──────── DATA TO USE

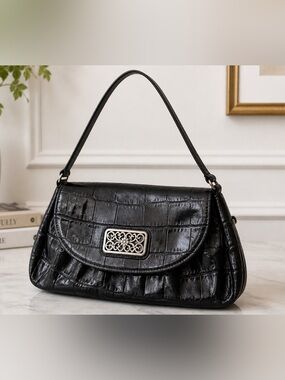 Brighton Black Croc-Embossed Shoulder Bag with Decorative Medallion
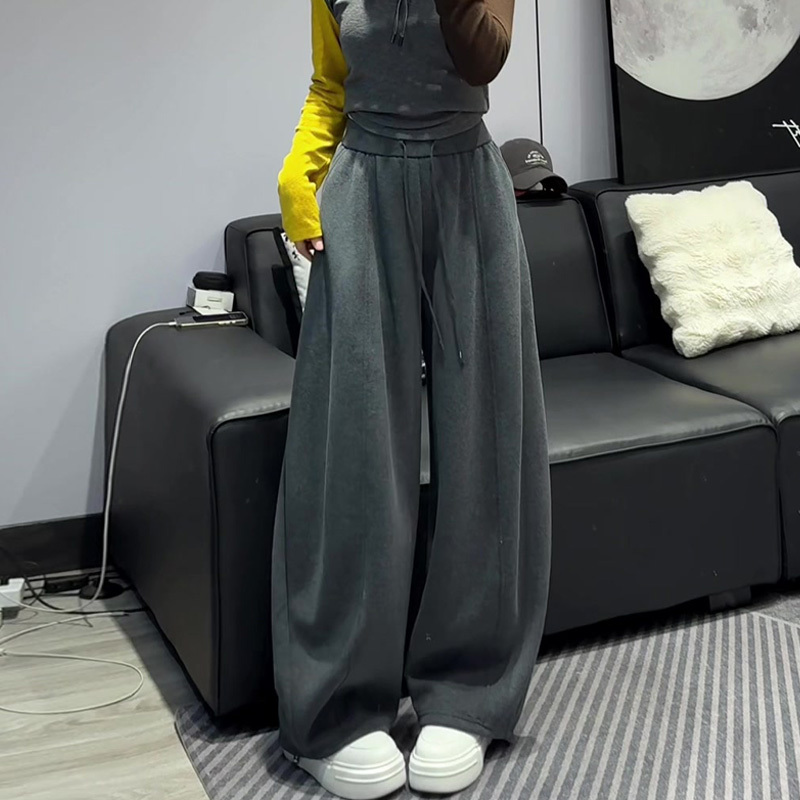 American-Style Gray Casual Sweatpants for Women, Autumn 2026 New Model, Plus Size, High-Waisted, Loose Straight-Leg Wide-Leg Sweatpants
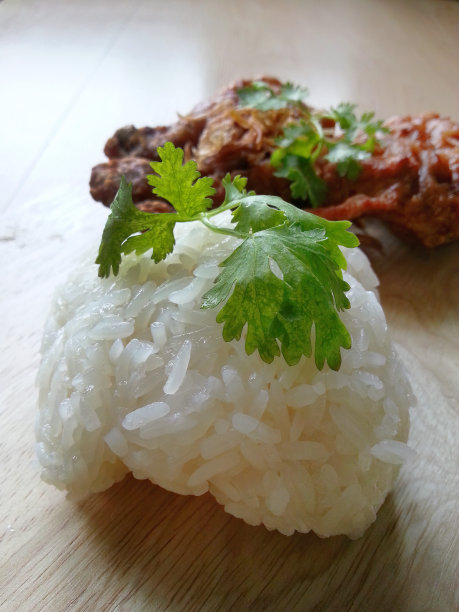 泰式香菜糯米饭配炸鸡特写图片下载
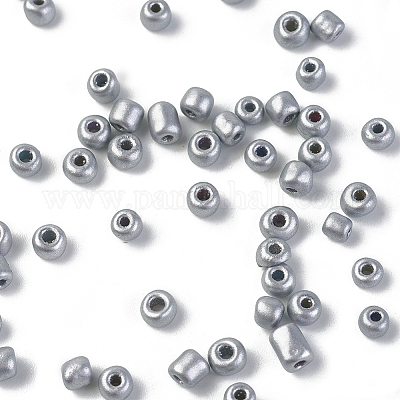 焼付塗装ガラスシードビーズ  銀  8/0  3mm  穴：1mm  約10000個/袋&nbsp;SEED-S002-K29-1
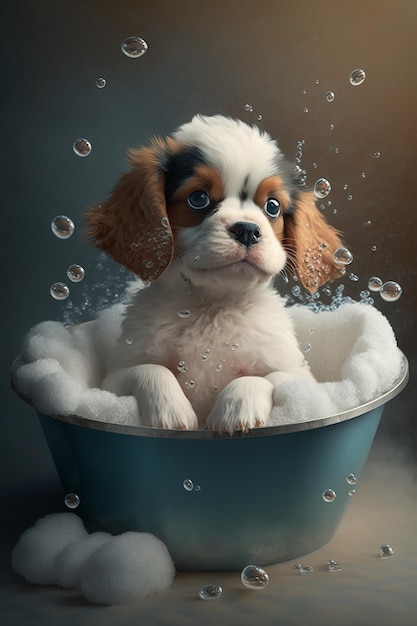 Adorable chiot éclaboussant dans une baignoire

────────────────

▶ **TASK BRIEF**
Transcribe all of the material exactly, leaving out whatever pictures it contains.

▶ **SOLUTION TO THE PROBLEM**
 Brighton Black Croc-Embossed Shoulder Bag with Decorative Medallion
 American-Style Gray Casual Sweatpants for Women, Autumn 2026 New Model, Plus Size, High-Waisted, Loose Straight-Leg Wide-Leg Sweatpants
 泰式香菜糯米饭配炸鸡特写图片下载
 焼付塗装ガラスシードビーズ  銀  8/0  3mm  穴：1mm  約10000個/袋&nbsp;SEED-S002-K29-1
 Adorable chiot éclaboussant dans une baignoire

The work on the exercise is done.